With both ends included, transcribe exactly the records below from their first line to the line that contains "Physiotherapeutin unterstützt Mann".

[Opening DATA FOR PROCESSING section]

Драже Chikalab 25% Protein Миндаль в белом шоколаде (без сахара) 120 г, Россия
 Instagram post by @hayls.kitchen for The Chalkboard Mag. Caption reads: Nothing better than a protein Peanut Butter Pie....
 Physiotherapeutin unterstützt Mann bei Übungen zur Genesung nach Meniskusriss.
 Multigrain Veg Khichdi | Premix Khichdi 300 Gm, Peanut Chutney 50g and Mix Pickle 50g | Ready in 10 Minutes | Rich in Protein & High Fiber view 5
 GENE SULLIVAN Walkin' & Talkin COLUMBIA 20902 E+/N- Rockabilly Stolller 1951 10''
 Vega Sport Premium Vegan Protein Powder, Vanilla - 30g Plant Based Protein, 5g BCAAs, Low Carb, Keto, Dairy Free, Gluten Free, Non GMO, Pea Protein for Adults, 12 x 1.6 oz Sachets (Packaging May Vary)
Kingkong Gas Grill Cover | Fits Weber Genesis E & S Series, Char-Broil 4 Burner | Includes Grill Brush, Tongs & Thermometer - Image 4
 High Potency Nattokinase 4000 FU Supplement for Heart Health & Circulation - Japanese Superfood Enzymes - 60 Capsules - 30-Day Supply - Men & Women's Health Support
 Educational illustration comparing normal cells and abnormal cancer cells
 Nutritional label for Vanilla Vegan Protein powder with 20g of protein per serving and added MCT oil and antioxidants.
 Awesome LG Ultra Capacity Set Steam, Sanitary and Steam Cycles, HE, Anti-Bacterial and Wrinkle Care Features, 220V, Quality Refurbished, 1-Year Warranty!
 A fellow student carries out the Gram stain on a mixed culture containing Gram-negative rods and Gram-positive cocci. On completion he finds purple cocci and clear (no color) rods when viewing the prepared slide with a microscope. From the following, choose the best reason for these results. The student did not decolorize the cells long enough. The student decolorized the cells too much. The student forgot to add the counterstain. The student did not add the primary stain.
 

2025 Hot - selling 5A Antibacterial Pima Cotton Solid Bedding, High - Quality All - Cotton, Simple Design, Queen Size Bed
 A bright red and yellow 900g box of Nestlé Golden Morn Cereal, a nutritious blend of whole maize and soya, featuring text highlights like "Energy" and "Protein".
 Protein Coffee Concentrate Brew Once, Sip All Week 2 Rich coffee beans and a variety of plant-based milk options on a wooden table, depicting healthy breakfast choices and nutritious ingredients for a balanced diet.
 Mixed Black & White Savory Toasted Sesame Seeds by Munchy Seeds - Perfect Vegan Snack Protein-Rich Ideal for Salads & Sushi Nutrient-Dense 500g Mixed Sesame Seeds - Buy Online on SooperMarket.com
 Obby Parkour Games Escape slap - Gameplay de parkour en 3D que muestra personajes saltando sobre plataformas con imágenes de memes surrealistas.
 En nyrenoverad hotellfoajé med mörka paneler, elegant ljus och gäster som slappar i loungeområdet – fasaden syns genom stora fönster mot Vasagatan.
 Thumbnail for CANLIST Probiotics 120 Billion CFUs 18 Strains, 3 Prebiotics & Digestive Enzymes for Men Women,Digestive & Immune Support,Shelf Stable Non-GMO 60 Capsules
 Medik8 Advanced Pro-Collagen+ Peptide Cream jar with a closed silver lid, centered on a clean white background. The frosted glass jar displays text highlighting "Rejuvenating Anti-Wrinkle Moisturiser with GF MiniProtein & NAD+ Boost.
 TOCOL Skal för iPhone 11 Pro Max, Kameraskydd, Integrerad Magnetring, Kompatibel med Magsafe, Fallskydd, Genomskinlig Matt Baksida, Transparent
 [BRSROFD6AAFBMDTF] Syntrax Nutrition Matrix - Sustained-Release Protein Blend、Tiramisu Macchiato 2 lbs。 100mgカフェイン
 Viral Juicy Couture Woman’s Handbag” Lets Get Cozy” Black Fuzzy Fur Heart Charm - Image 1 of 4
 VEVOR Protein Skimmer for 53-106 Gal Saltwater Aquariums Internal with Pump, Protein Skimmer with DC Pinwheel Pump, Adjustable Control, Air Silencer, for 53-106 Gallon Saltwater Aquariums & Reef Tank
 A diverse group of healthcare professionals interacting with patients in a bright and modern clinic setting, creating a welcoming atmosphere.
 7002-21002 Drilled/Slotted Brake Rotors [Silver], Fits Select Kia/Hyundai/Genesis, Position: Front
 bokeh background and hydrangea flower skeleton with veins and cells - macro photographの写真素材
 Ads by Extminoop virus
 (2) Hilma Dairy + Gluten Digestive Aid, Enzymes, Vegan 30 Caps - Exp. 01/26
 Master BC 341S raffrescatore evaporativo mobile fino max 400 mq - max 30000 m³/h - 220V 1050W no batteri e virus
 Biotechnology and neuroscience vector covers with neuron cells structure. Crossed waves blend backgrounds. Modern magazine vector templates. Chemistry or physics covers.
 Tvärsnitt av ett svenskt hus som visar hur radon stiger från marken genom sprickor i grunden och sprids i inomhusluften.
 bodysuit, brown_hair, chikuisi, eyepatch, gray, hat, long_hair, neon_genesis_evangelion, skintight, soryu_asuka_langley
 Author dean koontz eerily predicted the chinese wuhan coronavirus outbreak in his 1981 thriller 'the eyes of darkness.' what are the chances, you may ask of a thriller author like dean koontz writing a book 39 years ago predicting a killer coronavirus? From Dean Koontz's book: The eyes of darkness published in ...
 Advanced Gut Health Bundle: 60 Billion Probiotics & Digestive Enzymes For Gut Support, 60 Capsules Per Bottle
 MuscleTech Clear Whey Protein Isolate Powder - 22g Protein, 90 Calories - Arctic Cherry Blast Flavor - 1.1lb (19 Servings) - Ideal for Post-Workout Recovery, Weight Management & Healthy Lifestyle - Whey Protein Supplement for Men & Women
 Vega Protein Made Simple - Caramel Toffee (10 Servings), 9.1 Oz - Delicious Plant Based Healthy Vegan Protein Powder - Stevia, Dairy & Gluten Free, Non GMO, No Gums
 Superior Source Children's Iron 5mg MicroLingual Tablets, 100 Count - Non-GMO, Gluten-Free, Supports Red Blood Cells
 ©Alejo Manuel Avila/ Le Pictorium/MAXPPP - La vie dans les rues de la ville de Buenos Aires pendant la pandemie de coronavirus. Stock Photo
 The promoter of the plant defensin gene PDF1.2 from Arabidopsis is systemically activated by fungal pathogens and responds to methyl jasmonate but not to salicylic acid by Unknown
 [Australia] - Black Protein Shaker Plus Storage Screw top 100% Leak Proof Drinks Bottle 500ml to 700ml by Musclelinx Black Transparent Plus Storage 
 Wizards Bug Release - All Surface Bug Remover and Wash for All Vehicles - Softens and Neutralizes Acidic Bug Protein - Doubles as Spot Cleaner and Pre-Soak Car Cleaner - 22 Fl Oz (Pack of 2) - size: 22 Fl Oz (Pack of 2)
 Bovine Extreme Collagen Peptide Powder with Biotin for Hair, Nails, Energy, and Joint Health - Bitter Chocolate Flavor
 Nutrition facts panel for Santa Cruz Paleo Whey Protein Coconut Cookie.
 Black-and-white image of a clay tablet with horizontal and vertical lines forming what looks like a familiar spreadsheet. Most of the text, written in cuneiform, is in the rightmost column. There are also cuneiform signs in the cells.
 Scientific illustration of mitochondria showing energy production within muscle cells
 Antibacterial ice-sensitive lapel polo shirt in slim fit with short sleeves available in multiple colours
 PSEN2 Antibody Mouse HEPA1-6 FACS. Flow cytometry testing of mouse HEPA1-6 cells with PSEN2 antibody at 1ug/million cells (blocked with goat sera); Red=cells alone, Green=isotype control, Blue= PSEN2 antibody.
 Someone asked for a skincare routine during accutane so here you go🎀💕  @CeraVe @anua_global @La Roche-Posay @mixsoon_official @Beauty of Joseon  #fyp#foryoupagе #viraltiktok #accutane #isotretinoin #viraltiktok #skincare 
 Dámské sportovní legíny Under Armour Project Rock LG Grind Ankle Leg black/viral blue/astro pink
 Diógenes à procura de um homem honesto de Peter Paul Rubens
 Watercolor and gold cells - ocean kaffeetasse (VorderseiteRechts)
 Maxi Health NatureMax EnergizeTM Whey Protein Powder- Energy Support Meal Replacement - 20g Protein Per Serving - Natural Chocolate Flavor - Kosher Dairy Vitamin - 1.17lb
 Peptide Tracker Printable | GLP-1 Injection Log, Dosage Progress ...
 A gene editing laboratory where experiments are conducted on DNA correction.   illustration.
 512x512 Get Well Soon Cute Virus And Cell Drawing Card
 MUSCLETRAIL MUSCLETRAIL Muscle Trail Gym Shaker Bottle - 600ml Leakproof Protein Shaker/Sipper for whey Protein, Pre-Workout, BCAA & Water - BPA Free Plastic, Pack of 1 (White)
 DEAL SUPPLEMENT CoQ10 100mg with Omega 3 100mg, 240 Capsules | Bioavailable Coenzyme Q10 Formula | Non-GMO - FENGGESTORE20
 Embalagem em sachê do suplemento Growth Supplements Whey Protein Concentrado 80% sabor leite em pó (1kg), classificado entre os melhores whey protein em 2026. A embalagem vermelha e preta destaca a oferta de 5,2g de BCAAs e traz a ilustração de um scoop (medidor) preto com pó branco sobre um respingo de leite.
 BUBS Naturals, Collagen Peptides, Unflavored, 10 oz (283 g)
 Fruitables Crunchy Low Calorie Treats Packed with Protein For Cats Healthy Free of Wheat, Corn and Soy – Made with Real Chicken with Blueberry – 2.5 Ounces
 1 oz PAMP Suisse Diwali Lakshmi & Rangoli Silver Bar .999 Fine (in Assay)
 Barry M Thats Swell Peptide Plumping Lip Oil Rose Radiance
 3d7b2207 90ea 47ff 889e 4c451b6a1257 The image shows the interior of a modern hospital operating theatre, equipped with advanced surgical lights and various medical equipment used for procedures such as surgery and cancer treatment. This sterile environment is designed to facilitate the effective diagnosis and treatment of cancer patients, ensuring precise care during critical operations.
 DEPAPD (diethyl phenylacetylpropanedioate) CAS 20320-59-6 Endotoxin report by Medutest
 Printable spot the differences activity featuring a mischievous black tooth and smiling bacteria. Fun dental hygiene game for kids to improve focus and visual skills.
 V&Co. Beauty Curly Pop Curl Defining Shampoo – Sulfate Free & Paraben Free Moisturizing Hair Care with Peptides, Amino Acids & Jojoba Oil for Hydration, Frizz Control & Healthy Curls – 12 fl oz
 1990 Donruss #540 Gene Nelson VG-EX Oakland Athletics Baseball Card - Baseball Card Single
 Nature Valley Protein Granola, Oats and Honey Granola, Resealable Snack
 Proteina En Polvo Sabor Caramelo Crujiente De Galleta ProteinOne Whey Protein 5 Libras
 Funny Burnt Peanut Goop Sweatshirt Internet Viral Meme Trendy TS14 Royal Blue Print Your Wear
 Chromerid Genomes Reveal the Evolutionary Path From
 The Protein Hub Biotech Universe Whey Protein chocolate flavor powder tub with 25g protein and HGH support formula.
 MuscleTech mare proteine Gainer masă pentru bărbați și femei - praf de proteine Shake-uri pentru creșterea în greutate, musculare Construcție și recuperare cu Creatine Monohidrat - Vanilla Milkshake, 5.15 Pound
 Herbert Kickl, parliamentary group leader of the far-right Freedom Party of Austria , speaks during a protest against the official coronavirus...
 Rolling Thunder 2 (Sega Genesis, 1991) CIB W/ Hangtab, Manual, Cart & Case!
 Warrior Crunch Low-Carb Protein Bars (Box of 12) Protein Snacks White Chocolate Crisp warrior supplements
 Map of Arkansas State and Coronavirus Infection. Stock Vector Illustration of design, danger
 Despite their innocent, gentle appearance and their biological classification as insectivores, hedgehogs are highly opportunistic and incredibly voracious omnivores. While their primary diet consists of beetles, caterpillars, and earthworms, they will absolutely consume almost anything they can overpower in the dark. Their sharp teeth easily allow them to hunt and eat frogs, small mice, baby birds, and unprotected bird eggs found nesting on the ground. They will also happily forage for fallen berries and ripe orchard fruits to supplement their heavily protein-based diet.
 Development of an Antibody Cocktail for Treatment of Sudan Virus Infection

[Closing DATA FOR PROCESSING section]

■ THE COMPLETED TASK ■
Драже Chikalab 25% Protein Миндаль в белом шоколаде (без сахара) 120 г, Россия
 Instagram post by @hayls.kitchen for The Chalkboard Mag. Caption reads: Nothing better than a protein Peanut Butter Pie....
 Physiotherapeutin unterstützt Mann bei Übungen zur Genesung nach Meniskusriss.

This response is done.